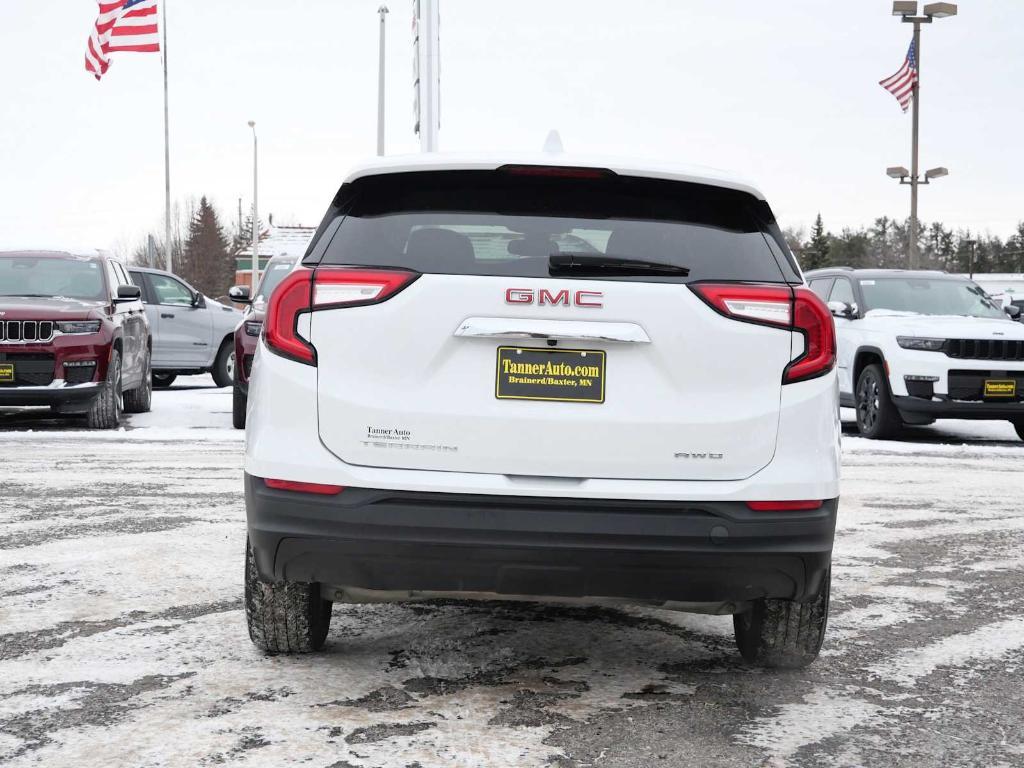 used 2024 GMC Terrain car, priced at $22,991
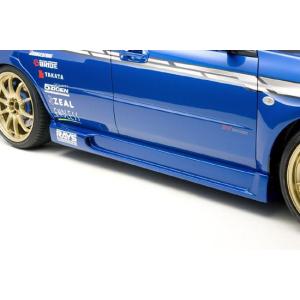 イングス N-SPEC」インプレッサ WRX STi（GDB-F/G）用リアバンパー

________

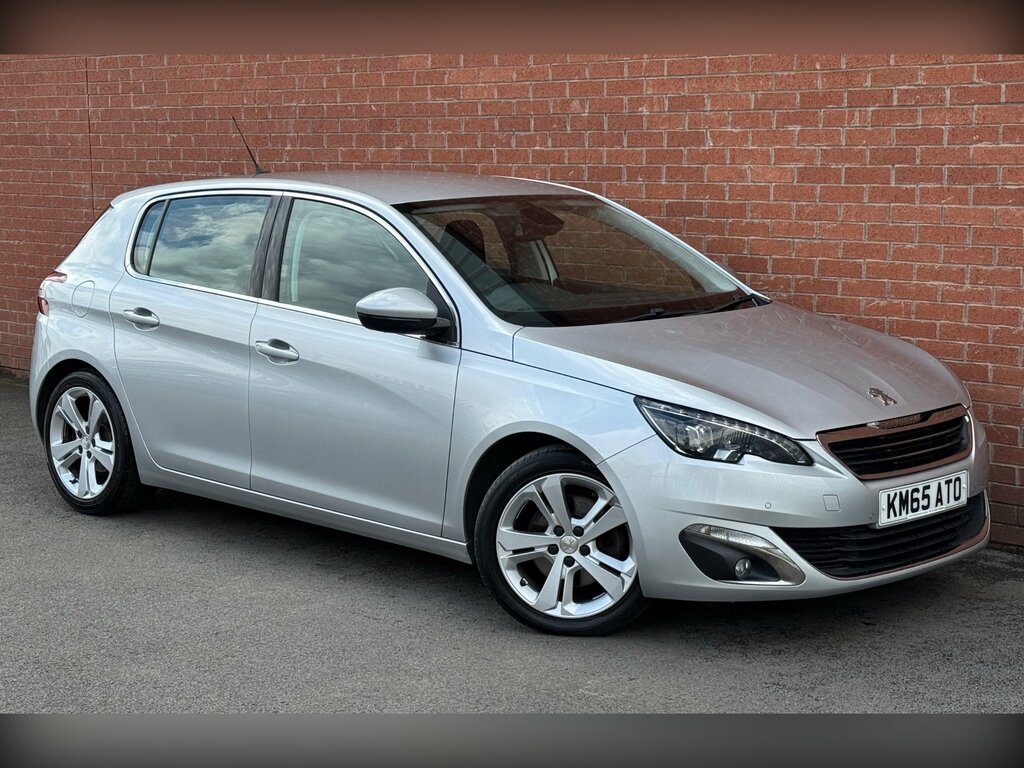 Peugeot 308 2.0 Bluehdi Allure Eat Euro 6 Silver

________

**What the task asks:** Beginning with the line above that has "used 2024 GMC Terrain car, priced at $22,991" and going on through the line that has "イングス N-SPEC」インプレッサ WRX STi（GDB-F/G）用リアバンパー", retype every line exactly and add nothing else; drop the pictures.

**Exercise solution:**
 used 2024 GMC Terrain car, priced at $22,991
 イングス N-SPEC」インプレッサ WRX STi（GDB-F/G）用リアバンパー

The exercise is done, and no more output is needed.